TASK OBJECTIVE: Please output exactly the lines below, starting at the line that has "Size: 5800x5948 |" and ending at the line that has "LittleDomi Amplificator de", both included; leave out all pictures and include nothing else.
(Beginning of EXERCISE MATERIAL)
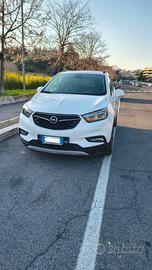 Opel Mokka X diesel 1.6 110 cv innovation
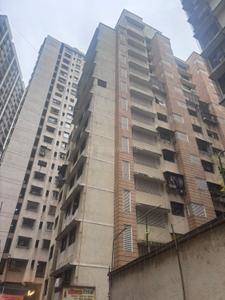 Image of 380 Sq.ft 1 BHK Apartment / Flat for sale in Omkar SRA Building, Malad East, Mumbai for Rs. 4200000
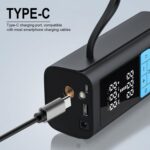 Launch Creader V CR3008 Plus OBD2 Scanner Diagnostic Tool - Image 8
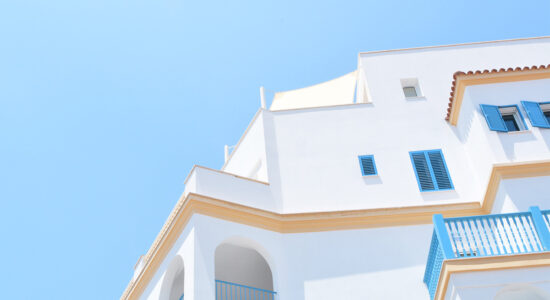 casa
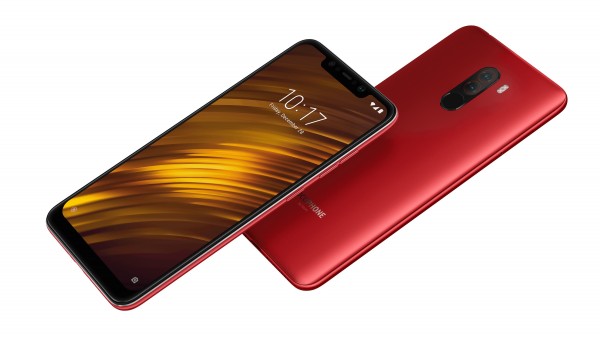 Pocophone F1 — ürün görseli 18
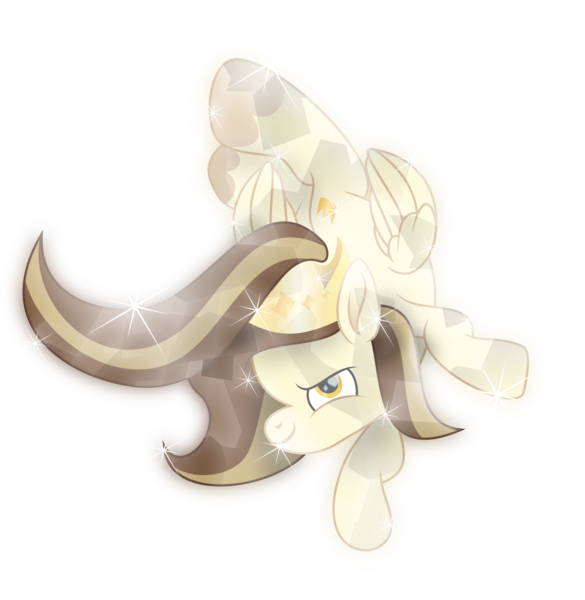 Size: 5800x5948 | Tagged: safe, artist:lincolnbrewsterfan, derpibooru import, oc, oc:prince whateverer, unofficial characters only, crystal pony, pegasus, pony, my little pony: the movie, awesome face, brony, brown mane, butt, crown, crystalline, crystallized, curved, cute, derpibooru exclusive, determined smile, featureless crotch, frog (hoof), gemstones, gold, happy, heart, heart hoof, image, incline, jewelry, looking at you, male, movie accurate, musician, no base, ocbetes, pegasus oc, plot, png, princeabetes, raised hoof, regalia, shading, shiny, simple background, smiling, smiling at you, stallion, transparent background, underhoof, vector, wings, yellow
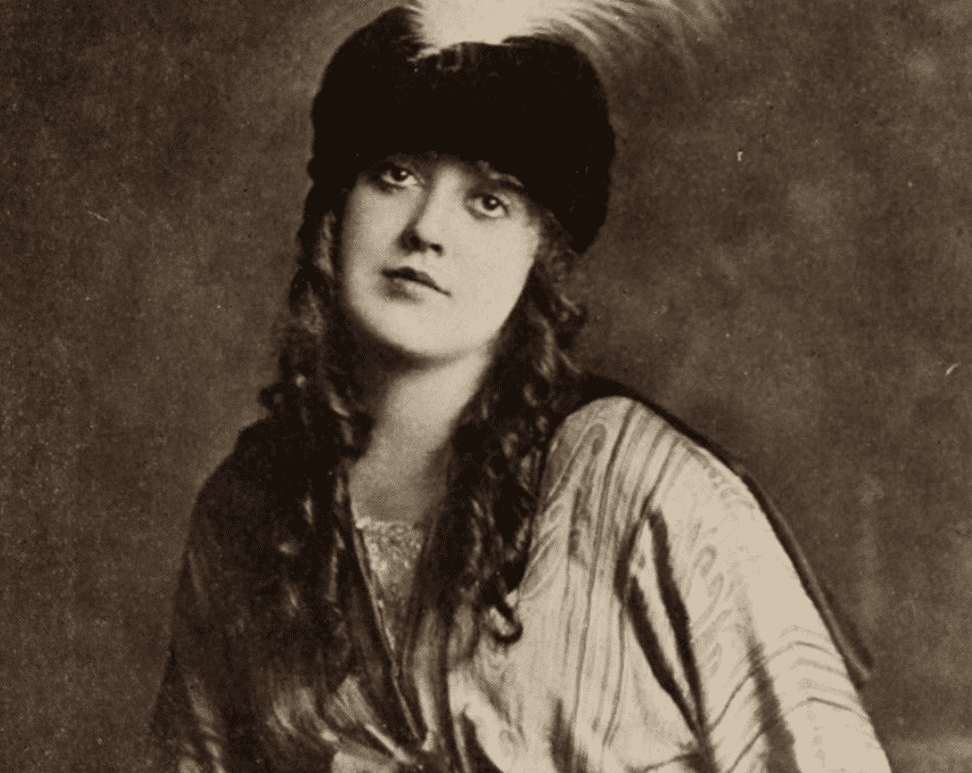 Mabel Normand Facts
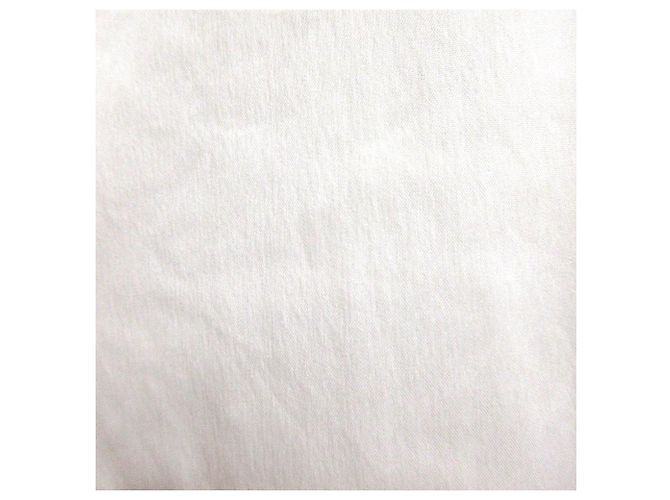Autre Marque Blusa con mangas de cinta Blenheim Blanco - vista 2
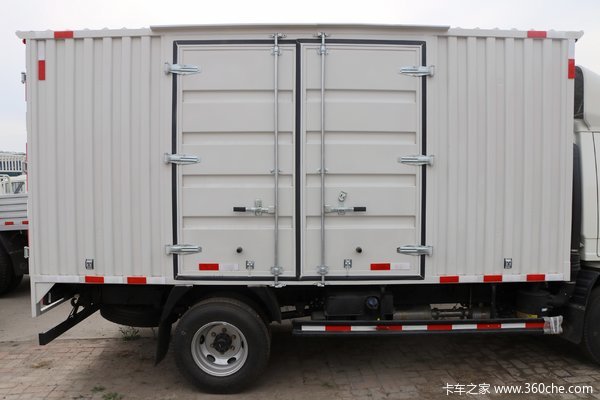 优惠02万海口市小卡之星5载货车火热促销中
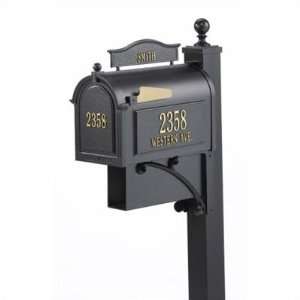  Whitehall Products 16303 Ultimate Streetside Post Mounted 
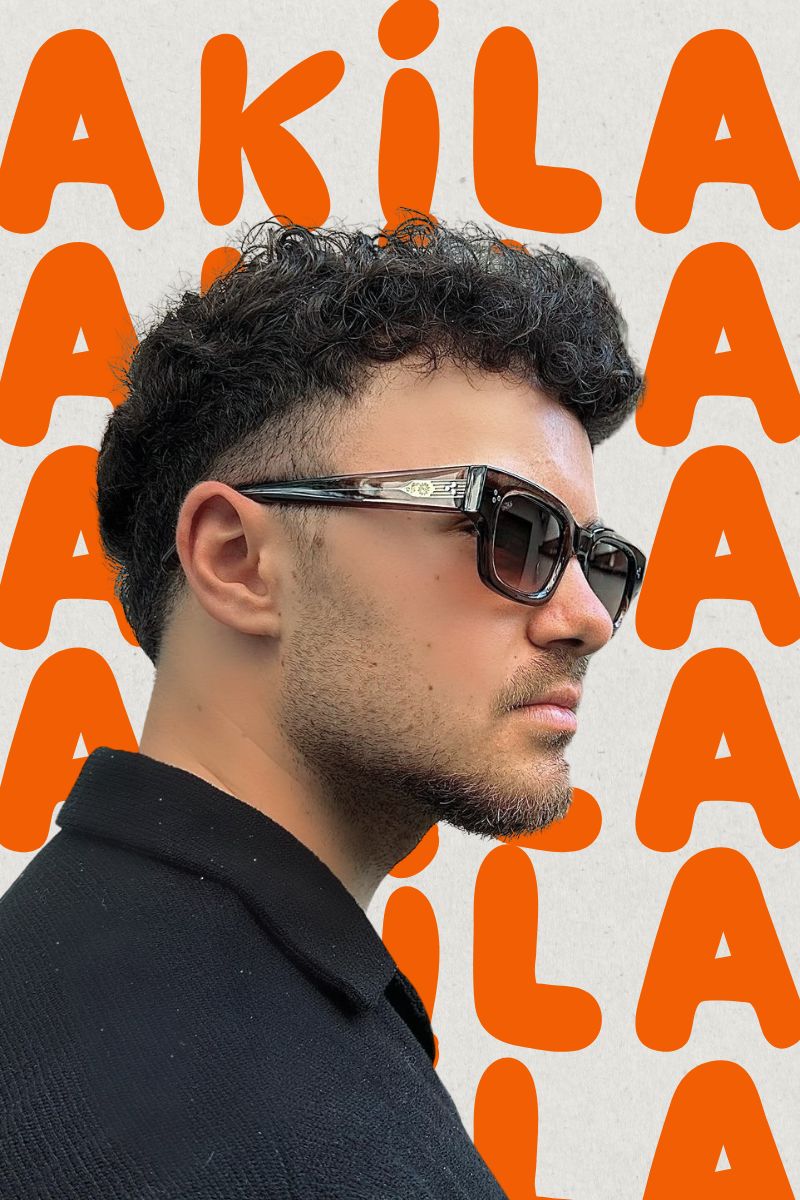 Akila Eyewear Sonnebrille Syndicate jetzt bei Optik Bartholomä in München entdecken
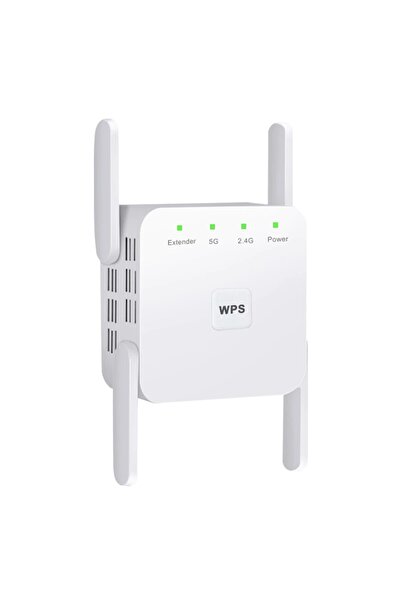 LittleDomi Amplificator de semnal pentru rețea wireless, LittleDomi, Transmis...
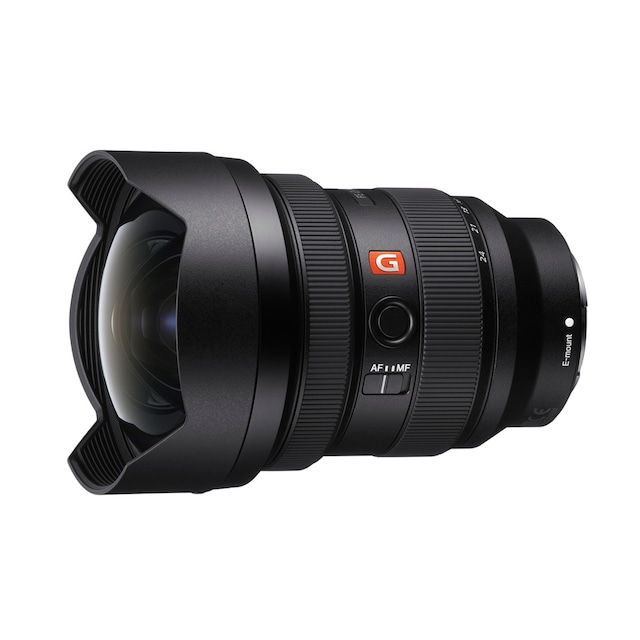 Imagen 0 de Objetivo Sony FE 12-24mm F/2.8 G para montura tipo E de Sony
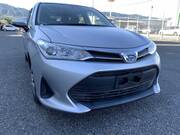 2019 TOYOTA COROLLA FIELDER HYBRID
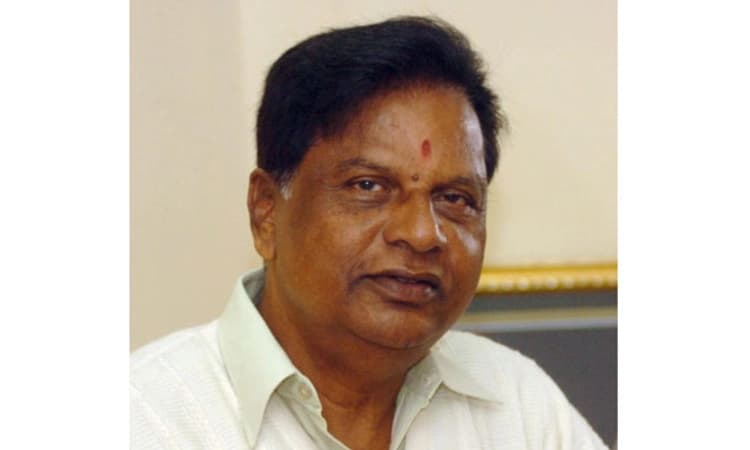 ಬಿಜೆಪಿ ಸಹವಾಸ ಸಾಕು..: ಬಿಜೆಪಿ ಬಿಟ್ಟು ಕಾಂಗ್ರೆಸ್ ಸೇರಲು ನಿರ್ಧರಿಸಿದ ಸಂದೇಶ್ ನಾಗರಾಜ್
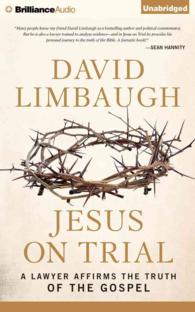 Jesus on Trial (10-Volume Set) : A Lawyer Affirms the Truth of the Gospel ; Library Edition （Unabridged）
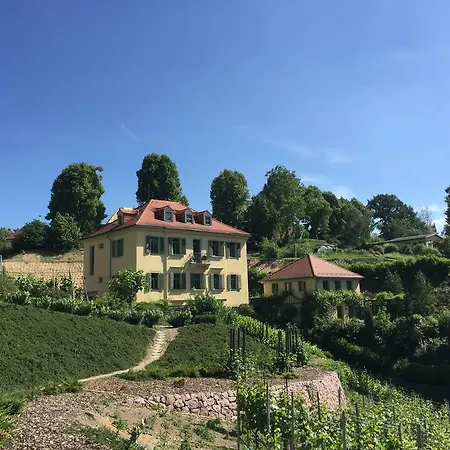 Διαμέρισμα Rebenhaus *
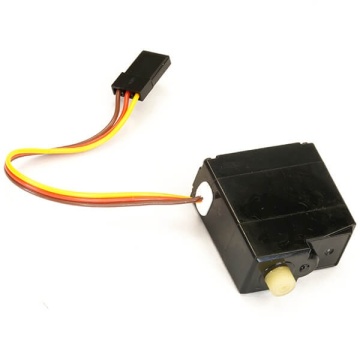 Servo cu 3 fire pentru FTX Tracer / Blackzon Slyder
(End of EXERCISE MATERIAL)
TASK ANSWER:
 Size: 5800x5948 | Tagged: safe, artist:lincolnbrewsterfan, derpibooru import, oc, oc:prince whateverer, unofficial characters only, crystal pony, pegasus, pony, my little pony: the movie, awesome face, brony, brown mane, butt, crown, crystalline, crystallized, curved, cute, derpibooru exclusive, determined smile, featureless crotch, frog (hoof), gemstones, gold, happy, heart, heart hoof, image, incline, jewelry, looking at you, male, movie accurate, musician, no base, ocbetes, pegasus oc, plot, png, princeabetes, raised hoof, regalia, shading, shiny, simple background, smiling, smiling at you, stallion, transparent background, underhoof, vector, wings, yellow
 Mabel Normand Facts
Autre Marque Blusa con mangas de cinta Blenheim Blanco - vista 2
 优惠02万海口市小卡之星5载货车火热促销中
  Whitehall Products 16303 Ultimate Streetside Post Mounted 
 Akila Eyewear Sonnebrille Syndicate jetzt bei Optik Bartholomä in München entdecken
 LittleDomi Amplificator de semnal pentru rețea wireless, LittleDomi, Transmis...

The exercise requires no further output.